CA PARIS (pôle 5 ch. 6), 15 mai 2019
CERCLAB - DOCUMENT N° 8124
CA PARIS (pôle 5 ch. 6), 15 mai 2019 : RG n° 17/04806 ; arrêt n° 2019/248
Publication : Jurica
Extrait : « Considérant que monsieur Y. et madame X. arguant de ce que les intérêts conventionnels ont été déterminés sur la base d'une année lombarde, demandent, uniquement, que soit prononcée la nullité de la stipulation conventionnelle d'intérêts ;
Considérant que la banque conclut à l'irrecevabilité d'une telle prétention au regard des dispositions de l'article L. 312-33 du code de la consommation ;
Considérant qu'aux termes de l'article L. 312-33 du code de la consommation, dans sa rédaction alors en vigueur, le prêteur qui ne respecte pas l'une des obligations prévues à l'article L. 312-8, lequel renvoie, concernant le taux effectif global, aux prescriptions de l'article L.313-1 du même code en définissant le contenu, pourra être déchu du droit aux intérêts, en totalité ou dans la proportion fixée par le juge ;
Considérant qu'en vertu des prévisions impératives de l'article L. 312-8 du code de la consommation, les manquements aux obligations prévues par cet article sont sanctionnés par l'article L. 312-33 du code de la consommation, exclusivement applicables en raison du caractère d'ordre public des dites règles spécifiques édictées pour la protection du consommateur et qui l'emportent donc sur celles, plus générales posées par l'article 1907 du code civil, lequel sanctionne par la nullité l'absence de prescription d'un taux d'intérêt et, par extension d'un taux effectif global, dont l'irrégularité éventuelle est assimilée à une absence ;
Qu'il en résulte qu'en droit la seule sanction d'un taux effectif global erroné n'est pas la nullité de la clause de stipulation d'intérêts mais la déchéance du droit aux intérêts ;
Considérant que cette solution d'irrecevabilité de l'action en nullité retenue en matière de taux effectif global erroné doit l'être tout autant, dans le cas du recours à l'année « bancaire » ou « lombarde » de 360 jours comme base de calcul des intérêts conventionnels, puisque :
- il est de principe que le taux d'intérêt conventionnel mentionné par écrit dans l'acte de prêt consenti à un consommateur ou un non professionnel doit comme le taux effectif global, sous peine de se voir substituer l'intérêt légal, être calculé sur la base de l'année civile,
- dans l'un et l'autre cas le résultat de la sanction est - le cas échéant, en ce qui concerne l'action en déchéance - l'application du taux légal en remplacement du taux contractuel,
- l'annexe à l'article R. 313-1 du code de la consommation, qui s'applique en matière de calcul du taux effectif global, et qui dispose que : « c) L'écart entre les dates utilisées pour le calcul est exprimé en années ou en fractions d'années.
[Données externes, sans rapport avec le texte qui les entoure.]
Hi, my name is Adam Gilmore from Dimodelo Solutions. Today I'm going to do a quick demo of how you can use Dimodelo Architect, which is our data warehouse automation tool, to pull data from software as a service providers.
Une année compte 365 jours, ou, pour les années bissextiles, 366 jours, 52 semaines ou 12 mois normalisés. Un mois normalisé compte 30,41666 jours (c'est-à-dire 365/12), que l'année soit bissextile ou non. », pose une règle du calcul du taux effectif global répondant exactement à la préoccupation du législateur de protéger le consommateur d'une facturation d'intérêts dont il n'aurait pas été clairement informé, et fixe ainsi les rapports périodiques à retenir pour le calcul du taux effectif global, ce qui est également l'objet de la clause 30/360 pour ce qui concerne le calcul des intérêts conventionnels ;
Considérant surabondamment sur le fond, que pour débouter monsieur Y. et madame X. de leurs demandes le tribunal a, exactement en tous points, retenu ce qui suit :
« Sur la demande d'annulation des stipulations d'intérêts conventionnels des contrats de prêt
En application des dispositions des articles 1901, alinéa 2, du code civil, et L. 313-1, L. 313-2 et R. 313-1 du code de la consommation, dans leur version applicable au présent litige, les intérêts d'un prêt consenti à un consommateur ou à non professionnel doivent être calculés au taux conventionnel mentionné par écrit dans l'acte de prêt sur la base de l'année civile.
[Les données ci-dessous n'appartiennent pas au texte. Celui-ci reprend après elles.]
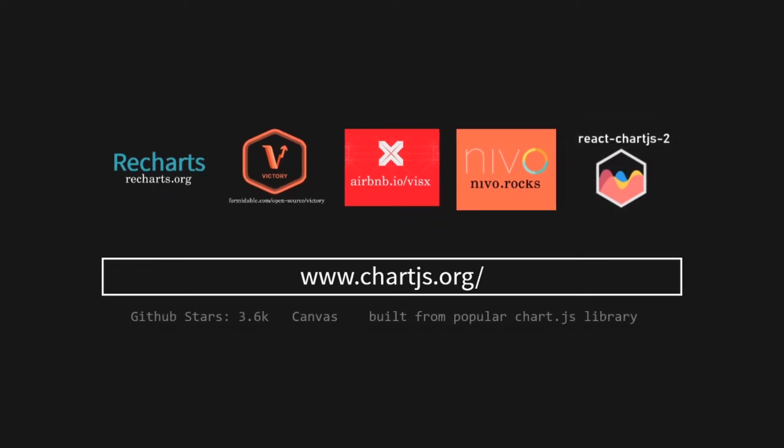The next one is ReactChartJS2. This is a wrapper for the famous Chart.js JavaScript library. It has 3.6k GitHub stars and produces Canvas charts, so it's very good on performance. Because it's built from the popular ChartJS, it's very well maintained.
Faute pour l'emprunteur de pouvoir valablement consentir à un calcul des intérêts conventionnels sur la base d'une année dite bancaire d'une durée de 360 jours, le prêteur est tenu de restituer les intérêts trop perçus résultant d'un tel calcul, sans qu'il y ait lieu à annulation de la stipulation d`intérêts conventionnels ou à la substitution du taux de l'intérêt légal au taux d'intérêt contractuel régulièrement fixé par écrit.
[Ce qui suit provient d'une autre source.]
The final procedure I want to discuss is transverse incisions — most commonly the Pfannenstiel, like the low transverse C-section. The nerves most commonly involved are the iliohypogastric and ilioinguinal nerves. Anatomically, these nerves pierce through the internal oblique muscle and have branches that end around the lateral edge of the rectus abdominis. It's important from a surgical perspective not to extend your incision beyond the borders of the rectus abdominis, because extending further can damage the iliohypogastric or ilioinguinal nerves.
Au cas particulier, dès lors que le calcul des intérêts conventionnels par application des clauses litigieuses, qui stipulent que « durant la phase d'amortissement, les intérêts sont calculés sur le montant du capital restant dû, au taux d'intérêt indiqué ci-dessus sur la base d'une année bancaire de 360 jours, d'un semestre de 180 jours, d'un trimestre de 90 jours et d'un mois de 30 jours » aboutit, pour les intérêts calculés pour une période d'un mois entier, au même résultat que le calcul de ces intérêts, conforme au principe précédemment énoncé, effectué sur la base d'une année d'une durée de 365 jours et d'un mois dit « normalisé » d'une durée de (365/12) jours, aucune irrégularité ne résulte de l'application de cette clause s'agissant de l'ensemble des échéances du prêt calculées sur une durée d'un mois entier.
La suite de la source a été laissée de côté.